(Scraped caption text data)
◇ ◇ ◇ ◇ ◇

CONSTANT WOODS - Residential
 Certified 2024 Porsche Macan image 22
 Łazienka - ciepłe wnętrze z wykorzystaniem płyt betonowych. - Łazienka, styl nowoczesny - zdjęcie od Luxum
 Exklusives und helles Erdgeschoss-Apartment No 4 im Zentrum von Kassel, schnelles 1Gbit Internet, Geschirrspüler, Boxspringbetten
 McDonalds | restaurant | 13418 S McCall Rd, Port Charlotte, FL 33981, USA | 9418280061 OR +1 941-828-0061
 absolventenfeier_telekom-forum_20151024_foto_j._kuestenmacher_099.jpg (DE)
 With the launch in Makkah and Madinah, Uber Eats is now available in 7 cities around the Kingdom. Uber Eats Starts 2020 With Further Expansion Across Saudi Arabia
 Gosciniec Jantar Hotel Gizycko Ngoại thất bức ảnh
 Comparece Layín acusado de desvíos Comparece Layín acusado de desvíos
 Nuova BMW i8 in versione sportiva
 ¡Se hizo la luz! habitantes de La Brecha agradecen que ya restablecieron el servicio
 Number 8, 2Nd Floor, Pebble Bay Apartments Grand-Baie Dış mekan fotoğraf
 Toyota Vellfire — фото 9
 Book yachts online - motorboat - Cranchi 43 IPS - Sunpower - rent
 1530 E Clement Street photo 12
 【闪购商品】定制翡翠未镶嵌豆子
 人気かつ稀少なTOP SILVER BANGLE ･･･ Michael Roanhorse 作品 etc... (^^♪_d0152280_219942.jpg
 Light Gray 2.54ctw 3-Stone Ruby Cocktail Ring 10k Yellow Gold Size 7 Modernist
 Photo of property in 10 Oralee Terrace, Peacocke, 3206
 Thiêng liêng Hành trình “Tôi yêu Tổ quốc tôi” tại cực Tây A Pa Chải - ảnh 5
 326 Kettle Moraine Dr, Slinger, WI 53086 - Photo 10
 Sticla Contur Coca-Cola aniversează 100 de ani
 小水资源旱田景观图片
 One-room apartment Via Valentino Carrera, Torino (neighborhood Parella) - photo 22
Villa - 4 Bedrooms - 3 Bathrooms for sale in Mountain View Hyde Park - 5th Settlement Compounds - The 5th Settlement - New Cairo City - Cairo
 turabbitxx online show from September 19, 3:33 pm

◇ ◇ ◇ ◇ ◇

#### [The task]
Indicate how many lines in the records above contain the word "online", giving only the number.

#### [Exercise answer]
2